Glad to have been of help Peter! Sorry to hear that you are covered in snow and ice, I hope it soon clears for you. I am always amazed by nature and how plants recover from sub zero temperatures, we are so lucky.
Lovely to see your snowdrops Pauline.
Thank you Chloris. Soon the wild singles will be flowering, then the woodland will look so much whiter.
It’s amazing isn’t it how they all spring back after the snow and ice – I’m glad it didn’t last too long. Your snowdrops are lovely, Pauline. I have a few “specials” but some I planted in one particular area have disappeared. Lovely photos – such harbingers of spring.
I was so glad to see the back of the snow Sue, when it’s icy like that, as well as snow, it is so dangerous walking and driving.I too have had one or two specials disappear, it is so annoying when that happens, I nust tidy up the labels that are still sitting there without their snowdrops!
Out in the garden without a coat…….I am really wishing I could do the same!
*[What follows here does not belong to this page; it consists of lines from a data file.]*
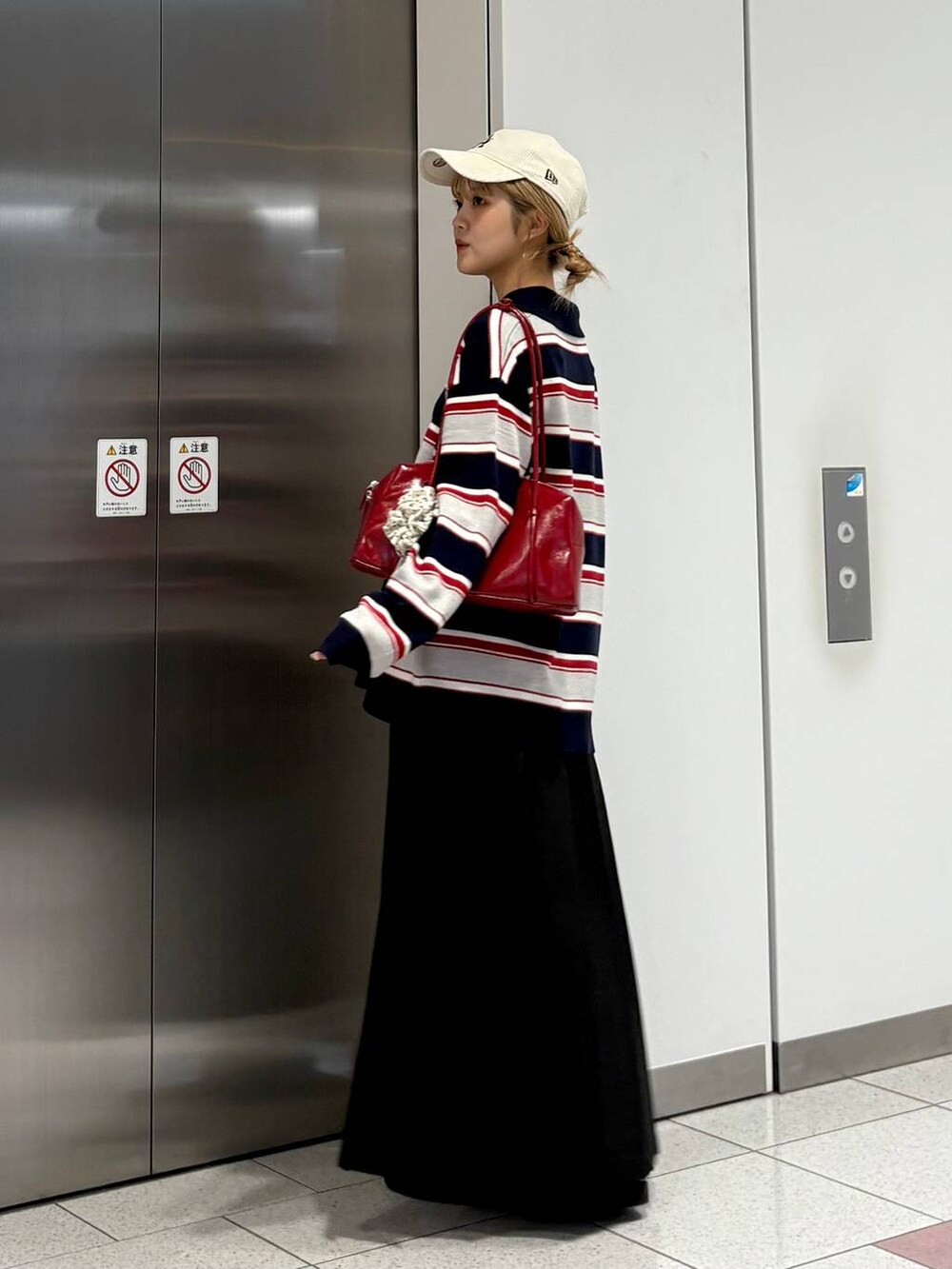 グレー系のスカート、ブルー系のニット/セーター、ブラック系のローファーを着用したレディースの秋コーディネートの4枚目の写真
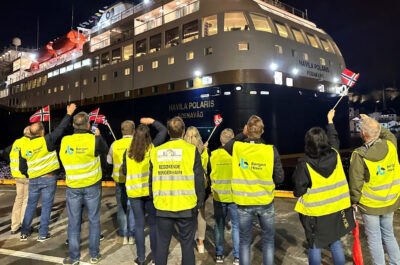 Employees of Havila Voyages greet Havila Polaris as she arrives in Bergen.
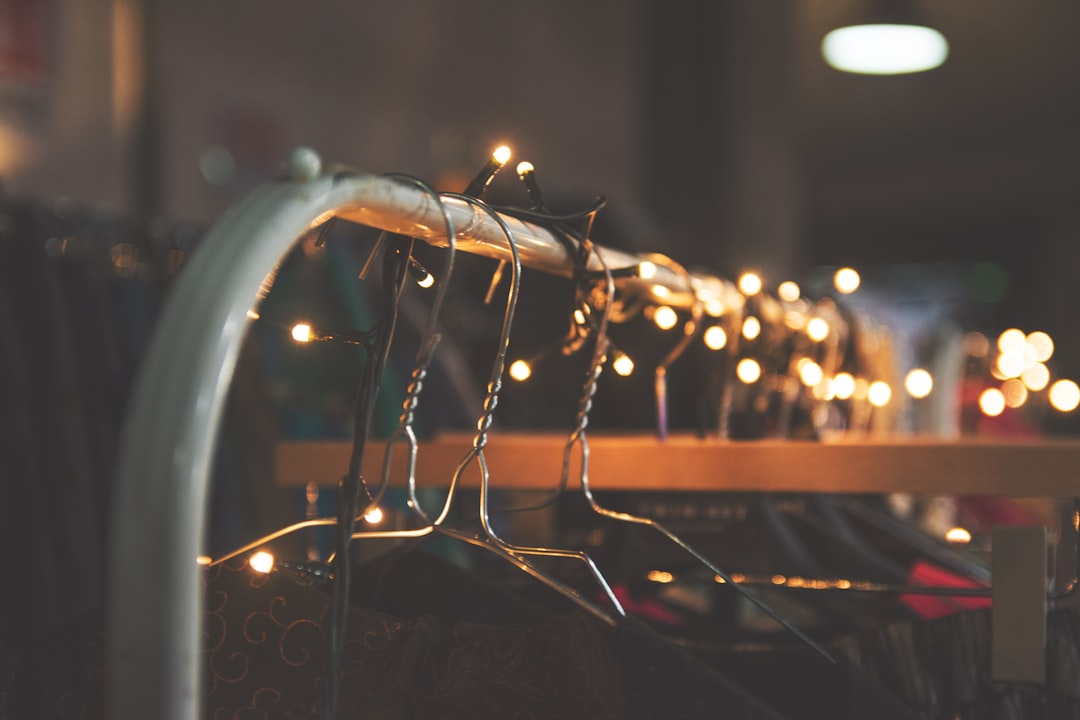 silver clothes hangers with string lights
You have a wonderful collection of snowdrops Pauline. I was given S. Arnott and Blewbury Tart a couple of years ago by a friend so I really am just a beginner.
I too was a beginner once Denise, then I started with just one or two new ones a year and it slowly increased over the next 25 yrs! I keep telling myself I really must stop, but somehow new ones keep coming!
Just loved all these delights, to think these clumps started off as single snowdrops. You have so many delightful varieties, I loved the wasp one, haven’t come across that before.xxx
Thanks for your lovely comments Dina, very much appreciated. I usually only buy snowdrop bulbs that they say increase quickly!Wasp was added to my collecrion a few years ago and has certainly increased well.
I love seeing how your snowdrops are doing each spring. I almost feel like I’ve watched ‘Wendy’s Gold’ grow up over the years! Lapwing is such a nice clump, and I’m hopefully adding ‘Augustus’ this year. It’s aways so exciting to see the gardening year take off again.
They are increasing nicely Frank, all without any effort from me so far.Some clumps do need splitting now, so that is a job I will have to tackle soon, when they have finished flowering. Augustus is a lovely snowdrop, I hope you soon have him in your garden.
As always I’ve enjoyed seeing your snowdrops Pauline. I ask myself the same question about disappearing labels 🙂 Could it be squirrels ?
I suppose squirrels could be the label thief Anna, I wonder where they put them, do they take them home to decorate their dreys?!